Supervisor Ahsha Safai, who also sits on the three-member committee, opposed it. Safai shared the concerns expressed by developers and business advocates.
“I am a little bit worried about a number that goes up that does not necessarily correlate into new office development,” Safai said. “I am a little bit concerned about the final number. But I am 100 percent in support of raising that number.”
Peskin said that “the question is how much the market will bear.”
“I am willing to test what Supervisor Haney has before us,” Peskin said.
Haney said with the fee office development will continue but in a “smart way” to help counter displacement and better address the scarcity of affordable housing.
“We have deep inequality,” Haney said. “We have more and more people who are homeless. We have more and more people who are being displaced who are living further away and having to commute here. People are struggling in this city. What we have in front of us here is an important part of the solution.”
The initial proposal would have raised the fee on all new office development from $28.57 to $69.60 per gross square foot; for new laboratory space, the fee would rise from $19.04 to $46.43.
Haney’s amendments Monday lower the fee to $57.14 for office projects that had their approvals from the Planning Department before Sept. 10, when the proposal was introduced. For projects submitted between Sept. 11 and Jan. 1, 2022 for approval, the fee is $63.37 fee, according to the amendments, and projects that come after Jan. 1, 2022 would pay the fee of $69.60.
Affordable housing developers and progressive board members said the fee hike was long overdue and necessary to address a trend in The City where low and moderate income households have declined while higher income households increased. The proposal was bolstered by a new report by a budget analyst that highlighted the imbalance between the types of jobs created versus the types of housing The City has produced.
The legislation has the support of seven supervisors, meaning it would take one more backer to ensure it could survive a possible mayoral veto. Supervisors Vallie Brown, Rafael Mandelman, Catherine Stefani and Safai have yet to sign on to back it.
The Mayor’s Office did not return a request for comment.

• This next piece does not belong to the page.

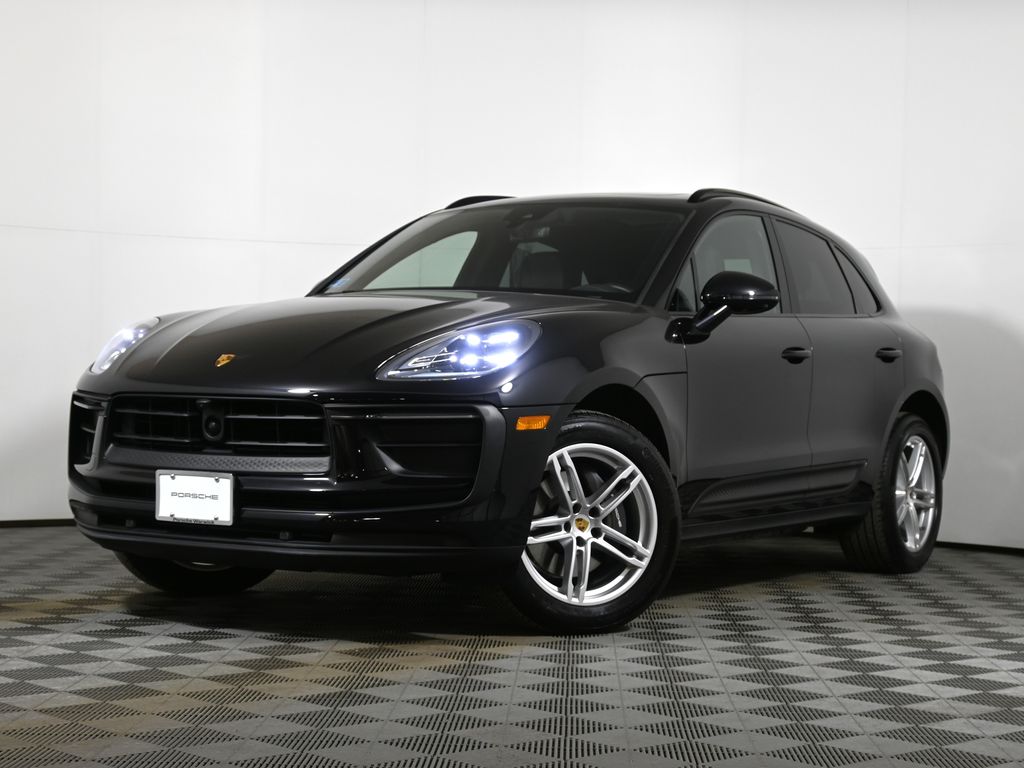 Thumbnail: 2025 Porsche Macan - 1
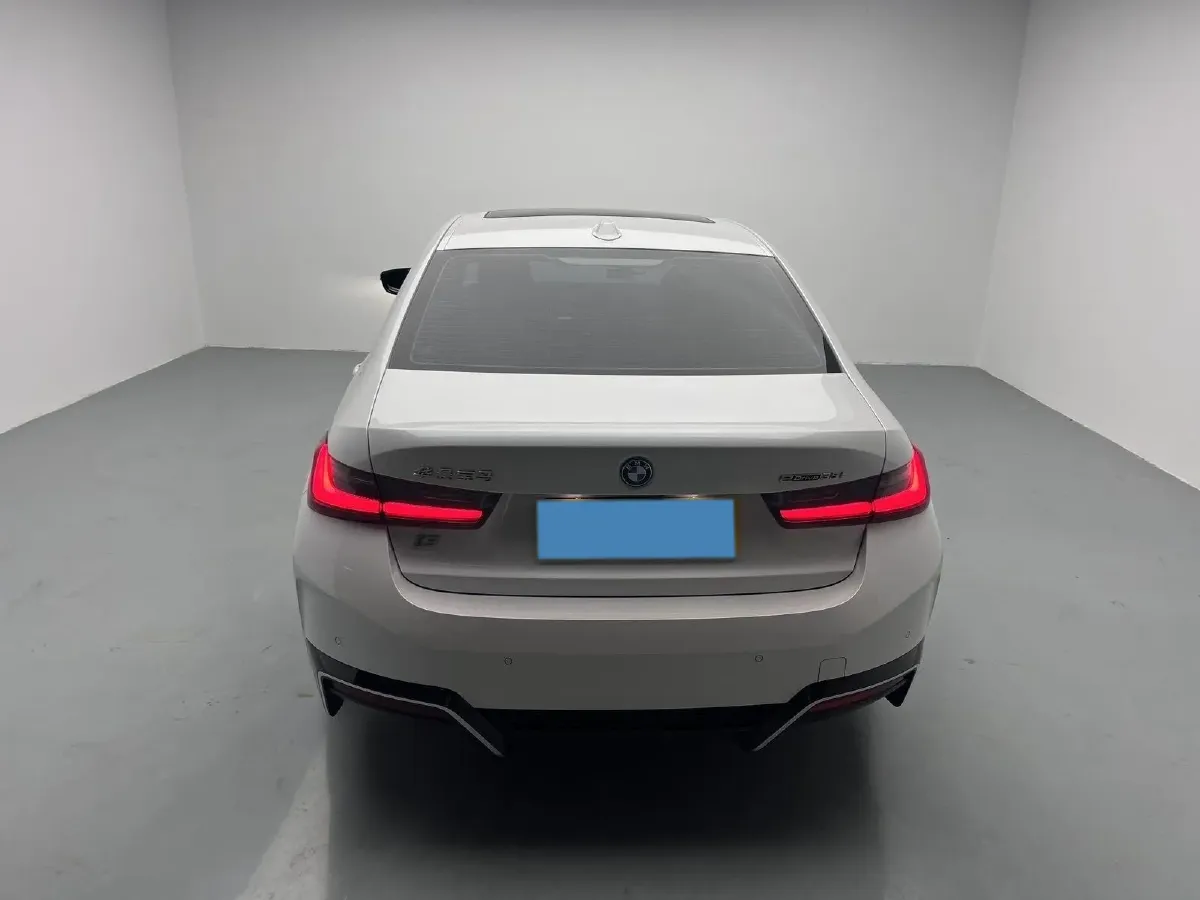 2025 BMW i3 BEV 70KWH,autocango,china used car exporter,china ev exporter,chinese used car exporter,chinese used ev exporter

Carl Shannon, senior managing director at Tishman Speyer, which develops office buildings in San Francisco, said that “the jobs-housing linkage fee needs to come up, but we need to do that in moderation.”
“We failed to build enough housing in this city both at market rate and affordable housing, but to increase this fee too much or too quickly will drive jobs to Oakland or to the Peninsula,” Shannon said. “Do we really want to push the fees where we push the employers out of San Francisco, where we get none of the benefits?”
The office development fee is expected to generate an additional $8 million to $9 million more a year, for a total $20.2 million to $21.2 million a year, according to an economic impact report released Monday before the hearing by City Controller’s chief economist Ted Egan.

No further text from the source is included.